Y continuando con la devoción, me parece que no se puede hablar hoy de la Virgen sin comenzar recordando aquellas palabras capitales en las que el Concilio Vaticano II recuerda cómo debe ser una verdadera devoción católica a María. “Recuerden los fieles que la verdadera devoción no consiste ni en un estéril y transitorio sentimentalismo, ni en una vana credulidad, sino que procede de la fe verdadera, que nos lleva a reconocer la excelencia de la Madre de Dios y nos inclina a un amor filial hacia nuestra madre y a la imitación de sus virtudes” Creo que no se puede decir más en menos palabras. Y empieza el Concilio recordándonos, en primer lugar, lo que la devoción mariana no es, porque demasiada gente usa a la Virgen como un recurso emotivo, como un refugio sentimental, como un recuerdo infantil. La ternura es buena, buenas son las flores y las velas, pero siempre que no se quede todo ahí, siempre que la devoción no se reduzca a un estéril y transitorio sentimentalismo que afecta solo al corazón, pero no influye en la vida.
Explica luego el Concilio qué es la devoción mariana y señala tres aspectos fundamentales: algo que brota de la fe, que conduce al amor y produce la imitación de las virtudes. Tres aspectos fundamentales e imprescindibles.
La devoción mariana surge de la fe y es por tanto inseparable de Cristo. La grandeza de María viene de su relación con Jesús.
No es una diosa independiente. Es la madre del Salvador. Y mal se podría creer en María si no se creyera en serio en la salvación que a nosotros y a Ella nos llega de Jesús.
Esta fe conduce al amor. Nosotros queremos a la Virgen y la queremos tierna y apasionadamente, como se quiere, sin metáforas, a una verdadera madre. Ella no solo ayuda a engendrarnos en la gracia, sino que sigue engendrándonos en ella con su amor maternal.
María es el modelo de fe más grande que conocemos. Ella fue “feliz por haber creído”, aunque su vida fue un continuo caminar por el “claroscuro” de la fe. Su fe fue puesta a prueba muchas veces. Pero Ella se mantuvo firme, y su fe no la defraudó. Que Ella nos alcance la gracia de redescubrir y renovar el tesoro de nuestra fe, para que así experimentaremos también la felicidad de creer en un Dios que es Amor y que solo nos pide la apertura suficiente para dejarnos encontrar.

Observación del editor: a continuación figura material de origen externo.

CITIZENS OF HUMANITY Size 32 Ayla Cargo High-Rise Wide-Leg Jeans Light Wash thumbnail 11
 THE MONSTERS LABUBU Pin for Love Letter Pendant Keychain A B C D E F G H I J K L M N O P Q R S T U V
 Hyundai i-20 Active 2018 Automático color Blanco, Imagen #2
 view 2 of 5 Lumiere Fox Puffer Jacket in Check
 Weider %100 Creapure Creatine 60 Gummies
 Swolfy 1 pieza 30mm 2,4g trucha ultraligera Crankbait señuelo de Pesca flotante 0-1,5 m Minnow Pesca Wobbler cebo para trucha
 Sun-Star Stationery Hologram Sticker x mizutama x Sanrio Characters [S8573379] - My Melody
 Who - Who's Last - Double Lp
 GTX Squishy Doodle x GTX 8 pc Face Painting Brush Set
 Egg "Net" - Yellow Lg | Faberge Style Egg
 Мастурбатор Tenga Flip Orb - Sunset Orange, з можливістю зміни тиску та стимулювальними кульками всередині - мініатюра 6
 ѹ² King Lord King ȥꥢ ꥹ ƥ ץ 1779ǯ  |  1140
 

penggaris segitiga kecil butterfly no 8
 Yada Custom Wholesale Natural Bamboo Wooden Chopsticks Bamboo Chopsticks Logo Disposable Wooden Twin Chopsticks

Ese amor se manifiesta en la imitación de sus virtudes. Esta es la verdadera piedra de toque de la devoción mariana. Porque de nada nos serviría visitar sus santuarios, rezarle rosarios, encenderle velas, hacerle promesas, llevarle flores, si no terminamos por parecernos a Ella.
Debemos preguntarnos en qué nos parecemos a Ella. Porque - como dijo Pablo VI- “es natural que los hijos tengan los mismos sentimientos que sus madres y reflejen sus méritos y virtudes”.